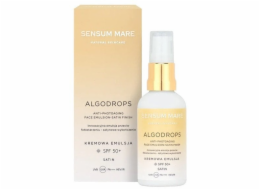 Sensum Mare Algodrops inovativní emulze proti fotostárnutí - saténový finish SPF50+ 50ml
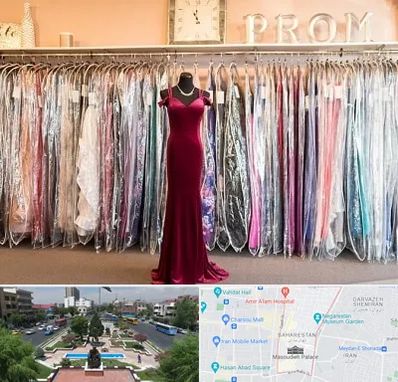 مزون لباس در بهارستان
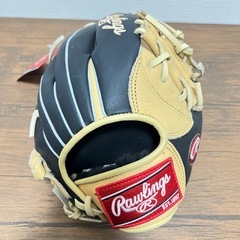 【未使用品】一般軟式・グローブ ローリングス 内野用・大人用 キャメルの画像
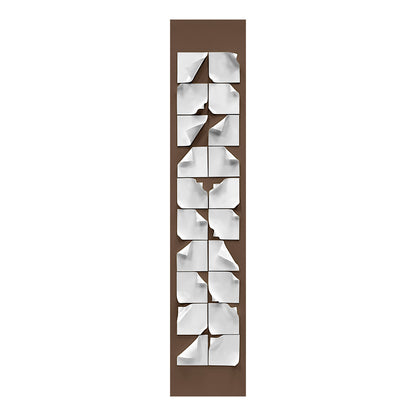 Ivory Fold Paper Shadow Box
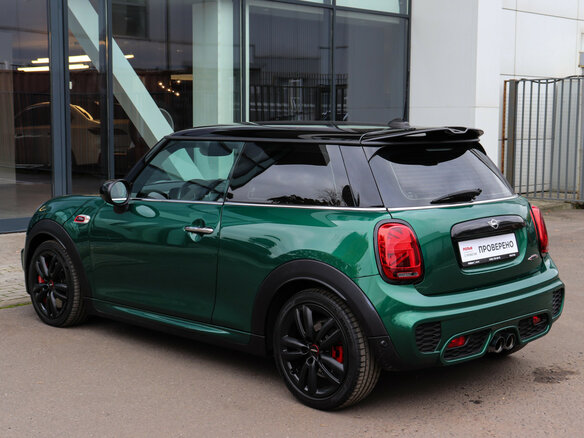 2020 Mini Hatch JCW III (F55/F56) Рестайлинг, зелёный, 2820500 рублей - вид 5
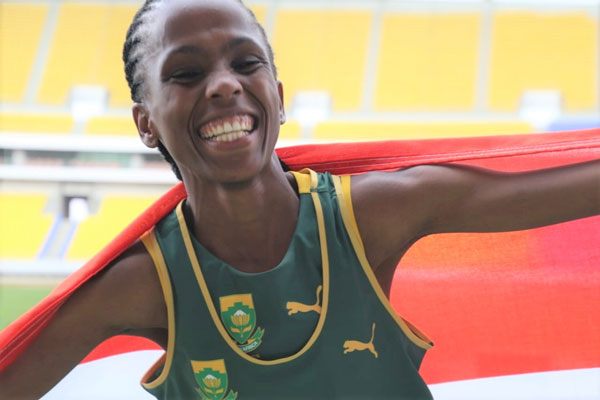 CUT’s Thobile secures bronze medal for SA at international track and field varsity games in Malawi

-- -- --

Work order:
Write out word for word the lines above that run from the one with "مزون لباس در بهارستان" to the one with "2020 Mini Hatch". Include both end lines; exclude the images.

Your response:
 مزون لباس در بهارستان
 【未使用品】一般軟式・グローブ ローリングス 内野用・大人用 キャメルの画像
 Ivory Fold Paper Shadow Box
 2020 Mini Hatch JCW III (F55/F56) Рестайлинг, зелёный, 2820500 рублей - вид 5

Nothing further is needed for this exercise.